If a search engine could understand the layout of a web page and identify the most important part of a web page, it could pay more attention to that section of the page when indexing content from the page.
It could give links found within that section of the page more weight than links found in other sections of the page, and it could consider information within that area more weight when determining what the page is about.
We’ve seen the idea of breaking pages up into parts from a couple of the major commercial search engines:
- Microsoft VIPS and block level link analysis (pdf)
- Google – Document Segmentation based on Visual Gaps
A patent application from Yahoo explores how to approximate the layout of a web page, without actually displaying the page as a web page the way that a browser program does.
Not actually rendering a page like a browser might makes the process faster, which is important when a search engine has to look at lots and lots of web pages.

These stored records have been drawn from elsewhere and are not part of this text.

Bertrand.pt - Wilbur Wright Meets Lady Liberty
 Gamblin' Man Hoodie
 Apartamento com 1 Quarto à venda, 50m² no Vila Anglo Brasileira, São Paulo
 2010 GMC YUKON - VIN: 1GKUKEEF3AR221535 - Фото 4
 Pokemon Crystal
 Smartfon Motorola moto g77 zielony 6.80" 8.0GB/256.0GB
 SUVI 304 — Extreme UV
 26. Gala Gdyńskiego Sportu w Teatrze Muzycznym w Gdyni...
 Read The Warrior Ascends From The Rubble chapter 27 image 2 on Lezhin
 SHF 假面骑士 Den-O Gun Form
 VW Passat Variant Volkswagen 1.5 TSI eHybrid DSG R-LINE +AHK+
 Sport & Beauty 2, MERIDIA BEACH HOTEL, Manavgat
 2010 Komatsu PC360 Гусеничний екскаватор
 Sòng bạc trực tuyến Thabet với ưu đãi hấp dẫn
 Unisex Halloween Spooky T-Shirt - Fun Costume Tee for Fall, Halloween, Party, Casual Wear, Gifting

The patent filing also explores ways to identify what the most important section of a page might be from the approximated version of a layout. The patent filing is:
Techniques for approximating the visual layout of a web page and determining the portion of the page containing the significant content
Invented by Anandsudhakar Kesari
US Patent Application 20080033996
Published February 7, 2008
Filed August 3, 2006
Here’s the abstract from the patent application:
To approximate a visual layout of a web page without rendering the page, an object tree representing elements within the page is recursively traversed to determine bounds for the width of the elements, resulting in lower bounds induced for non-leaf nodes by elements within these nodes and upper bounds induced by ancestors and siblings of nodes.
For each element, the minimum required width (lower bound), the desired width were there no constraints, and the maximum available width (upper bound) based on constraints of parents are computed, and an approximate width is derived therefrom.
A positioning process positions each element within its corresponding parent container by advancing a cursor according to the elements’ approximate width and appropriate constraints.
The element that contains the most meaningful content is determined based on the amount of weighted content of elements and their position within the page.
Information Extraction Systems and Data Structures
The ways that information might be presented on web sites can often be described as structured, semi-structured, or unstructured.
Structured means that the pages are generated using a common layout or template, and contain the same information fields from one page to another.
Semi-structured sites may use templates that have a number of variations to them. For example, one page may include information and fields that other pages don’t have, or some pages might show a wider range of information and values. .
Some sites that may use a structured format might include job sites, or travel sites, or ecommerce product pages.
The majority of pages on one of those sites may display all the same information fields from one page to another, and if there isn’t information to fill a field, the field is shown anyway, but might show that there is no information for that field. An online bookstore might be set up that way, too.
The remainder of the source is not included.